Zhao S, Shatsman S, Ayodeji B, Geer K, Tsegaye G, Krol M, Gebregeorgis E, Shvartsbeyn A, Russell D, Overton L, Jiang L, Dimitrov G, Tran K, Shetty J, Malek J A, Feldblyum T, Nierman W C, Fraser C M
The Institute for Genomic Research, Rockville, Maryland 20850, USA.
Genome Res. 2001 Oct;11(10):1736-45. doi: 10.1101/gr.179201.
A large-scale BAC end-sequencing project at The Institute for Genomic Research (TIGR) has generated one of the most extensive sets of sequence markers for the mouse genome to date. With a sequencing success rate of >80%, an average read length of 485 bp, and ABI3700 capillary sequencers, we have generated 449,234 nonredundant mouse BAC end sequences (mBESs) with 218 Mb total from 257,318 clones from libraries RPCI-23 and RPCI-24, representing 15x clone coverage, 7% sequence coverage, and a marker every 7 kb across the genome. A total of 191,916 BACs have sequences from both ends providing 12x genome coverage.
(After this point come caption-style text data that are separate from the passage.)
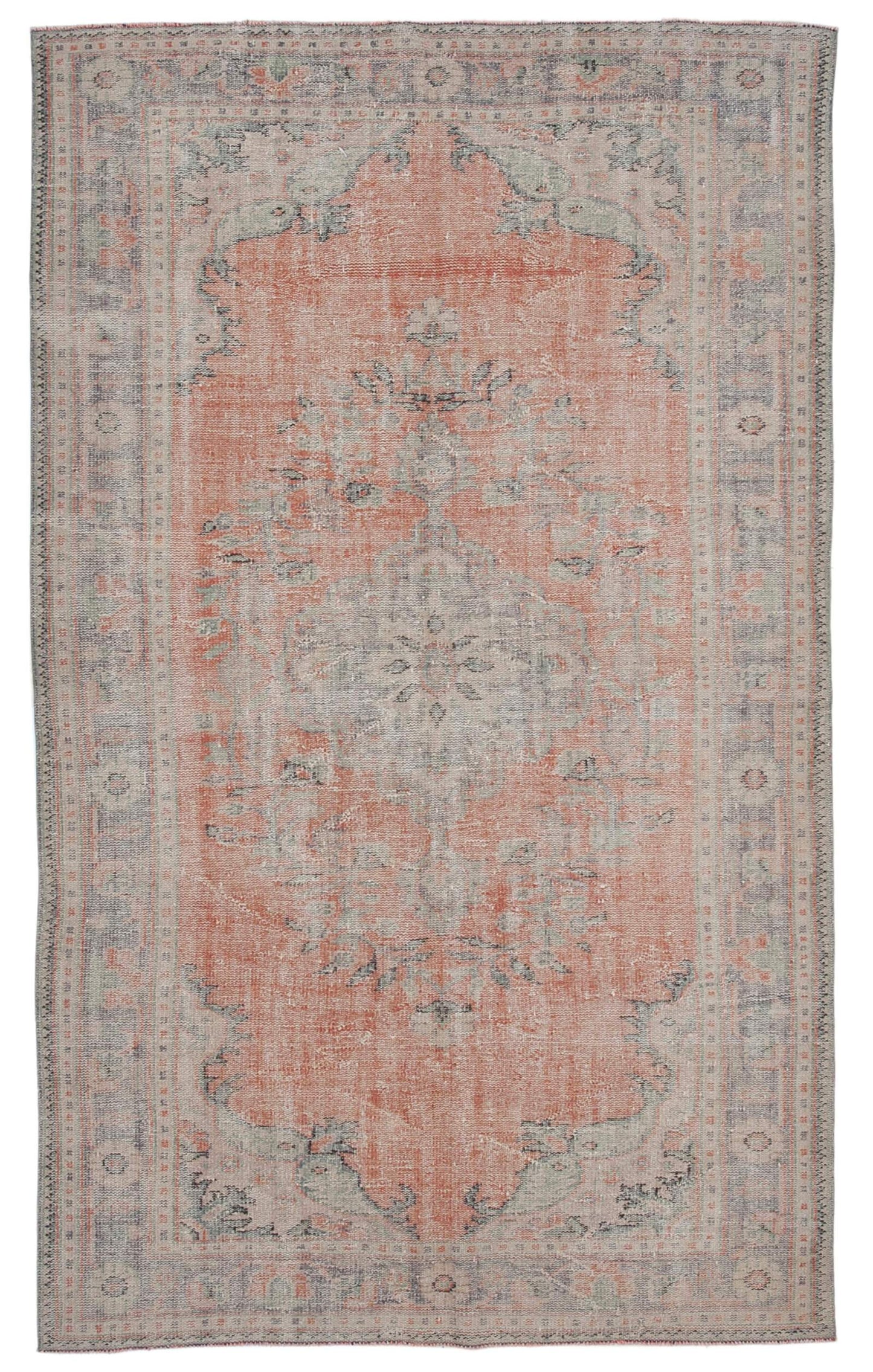 Vintage Turkish Rug - 9' 3" x 5' 5"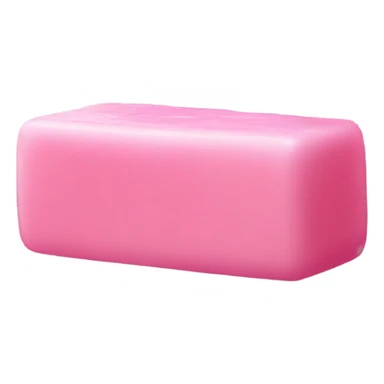 Pink soap bar sticker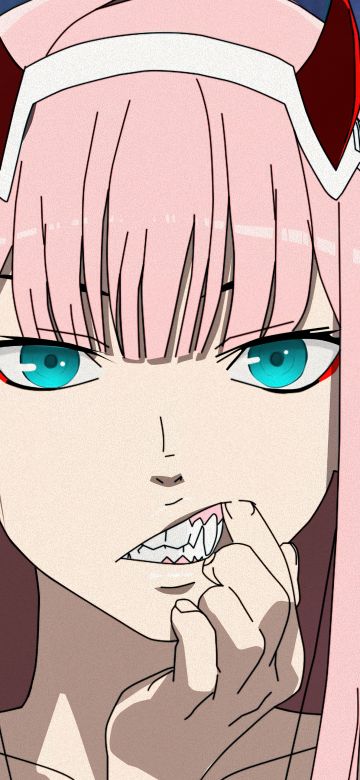 Zero Two, DARLING in the FRANXX, Anime girl, 5K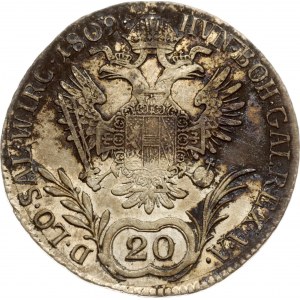 Austria 20 Kreuzer 1809 B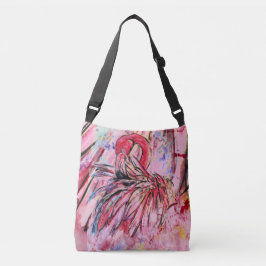 Pen met roze crossbody tas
The average Q20 length is 406 bp and 84% of the bases have phred quality scores > or = 20. RPCI-24 mBESs have more Q20 bases and longer reads on average than RPCI-23 sequences. ABI3700 sequencers and the sample tracking system ensure that > 95% of mBESs are associated with the right clone identifiers. We have found that a significant fraction of mBESs contains L1 repeats and approximately 48% of the clones have both ends with > or = 100 bp contiguous unique Q20 bases. About 3% mBESs match ESTs and > 70% of matches were conserved between the mouse and the human or the rat. Approximately 0.1% mBESs contain STSs. About 0.2% mBESs match human finished sequences and > 70% of these sequences have EST hits. The analyses indicate that our high-quality mouse BAC end sequences will be a valuable resource to the community.
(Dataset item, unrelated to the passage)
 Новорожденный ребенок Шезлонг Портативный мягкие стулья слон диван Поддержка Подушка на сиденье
美国基因组研究所(TIGR)开展的一项大规模细菌人工染色体(BAC)末端测序项目,已生成了迄今为止最为全面的小鼠基因组序列标记集之一。凭借超过80%的测序成功率、平均485碱基对的读长以及ABI3700毛细管测序仪,我们从RPCI - 23和RPCI - 24文库的257,318个克隆中生成了449,234条非冗余小鼠BAC末端序列(mBESs),总长度达218兆碱基,覆盖了15倍的克隆覆盖率、7%的序列覆盖率,且全基因组平均每7千碱基就有一个标记。共有191,916个BAC两端都有序列,提供了12倍的基因组覆盖率。平均Q20长度为406碱基对,84%的碱基的Phred质量得分大于或等于20。RPCI - 24的mBESs平均比RPCI - 23序列有更多Q20碱基和更长的读长。ABI3700测序仪和样本追踪系统确保超过95%的mBESs与正确的克隆标识符相关联。我们发现相当一部分mBESs包含L1重复序列,约48%的克隆两端都有大于或等于100碱基对的连续唯一Q20碱基。约3%的mBESs与表达序列标签(ESTs)匹配,且超过70%的匹配在小鼠与人或大鼠之间是保守的。约0.1%的mBESs包含序列标签位点(STSs)。约0.2%的mBESs与人类完成序列匹配,其中超过70%的这些序列有EST匹配。分析表明,我们高质量的小鼠BAC末端序列将成为该领域的宝贵资源。